(Captioned web images)
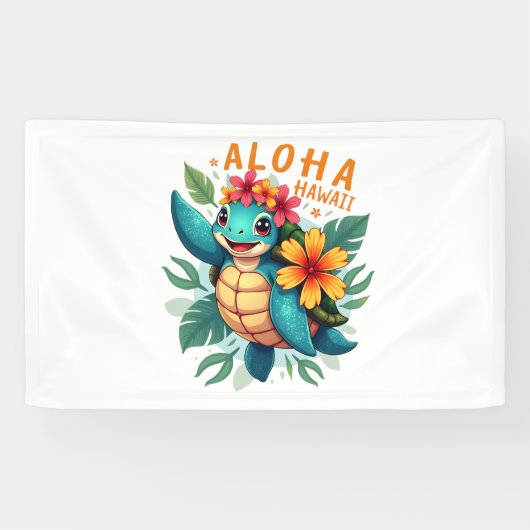 Hawaiian-Shirt Aloha Hawaii Zee Schildpad Meisje V Spandoek (Horizontaal)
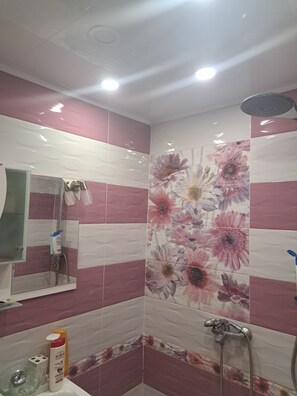 Een haardroger, handdoeken, zeep, toiletpapier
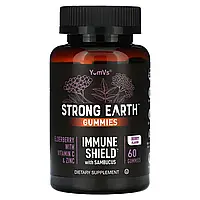 YumV's, Strong Earth, жувальні таблетки Immune Shield з самбукусом, ягодами, 60 жувальних таблеток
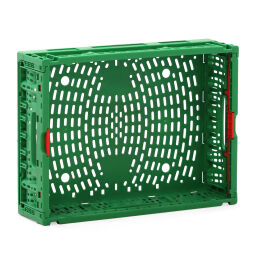 Stacking box plastic stackable and foldable walls + floor perforated Colour:  green.  L: 400, W: 300, H: 115 (mm). Article code: 98-3998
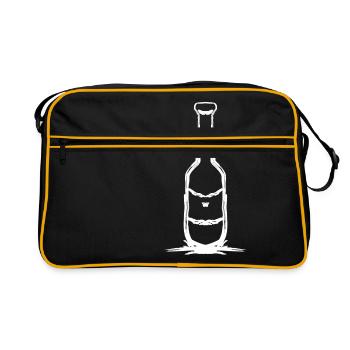 Conception de bouteille simple en blanc - Sac Retro - noir/or - Devant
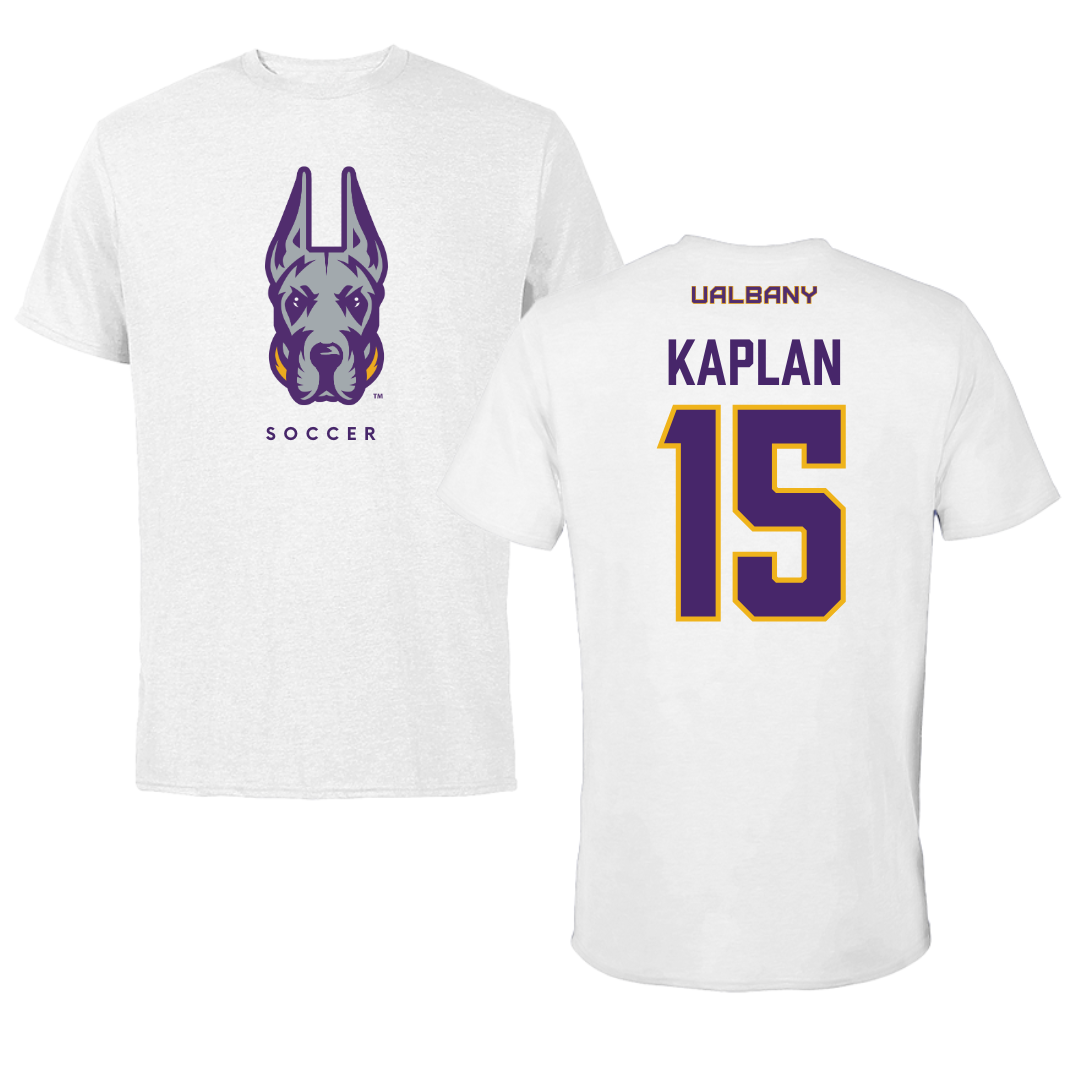 University at Albany Soccer White Mascot Tee - #15 Ben Kaplan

WORK TASK
From the line containing "Conception de bouteille" down to the last line of the entries above, set down every line exactly. Omit all pictures.

EXERCISE RESPONSE
 Conception de bouteille simple en blanc - Sac Retro - noir/or - Devant
 University at Albany Soccer White Mascot Tee - #15 Ben Kaplan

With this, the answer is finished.